## Your assignment
Print, exactly as they stand, the lines below from the one that has "Bozeman, Montana 59718, United" to the one that has "Photo of 3985", inclusive, leaving out the pictures.

## Dataset
------------------------------
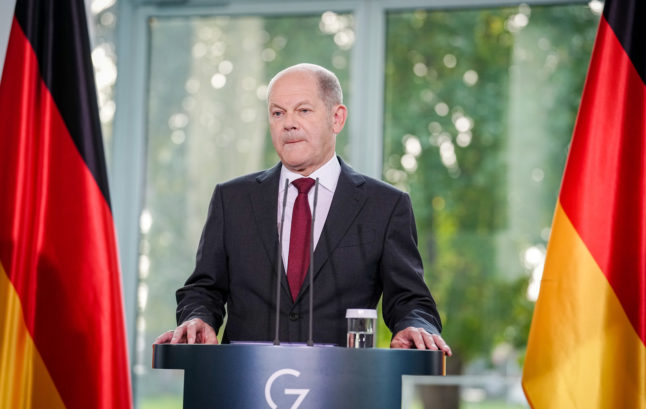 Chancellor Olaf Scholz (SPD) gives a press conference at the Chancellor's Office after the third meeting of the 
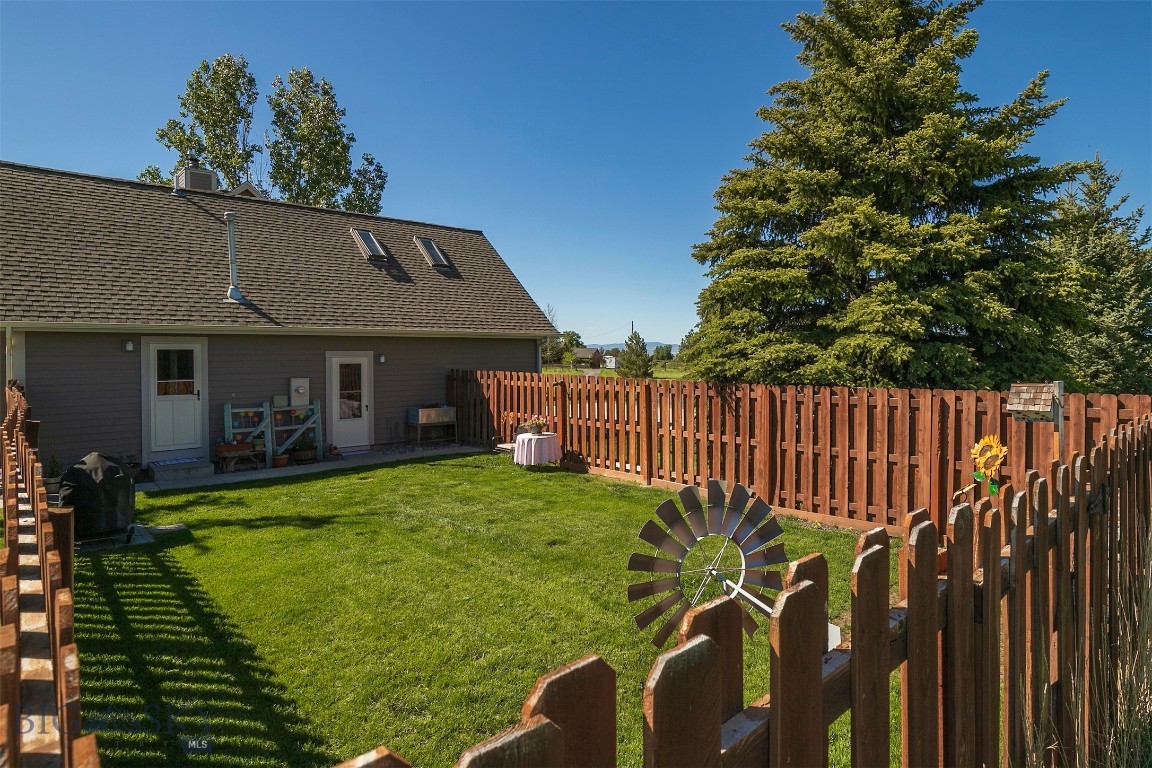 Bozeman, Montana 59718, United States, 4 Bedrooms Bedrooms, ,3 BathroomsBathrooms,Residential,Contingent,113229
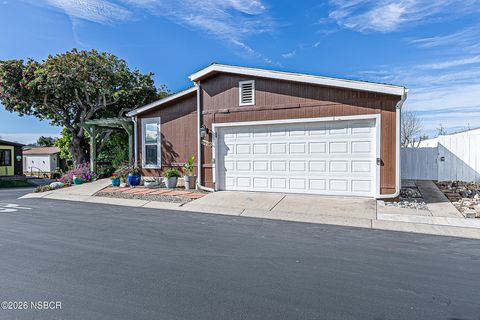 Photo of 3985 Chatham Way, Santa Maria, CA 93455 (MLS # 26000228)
------------------------------
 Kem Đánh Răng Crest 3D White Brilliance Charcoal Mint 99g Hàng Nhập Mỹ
------------------------------
## Solved problem
 Bozeman, Montana 59718, United States, 4 Bedrooms Bedrooms, ,3 BathroomsBathrooms,Residential,Contingent,113229
 Photo of 3985 Chatham Way, Santa Maria, CA 93455 (MLS # 26000228)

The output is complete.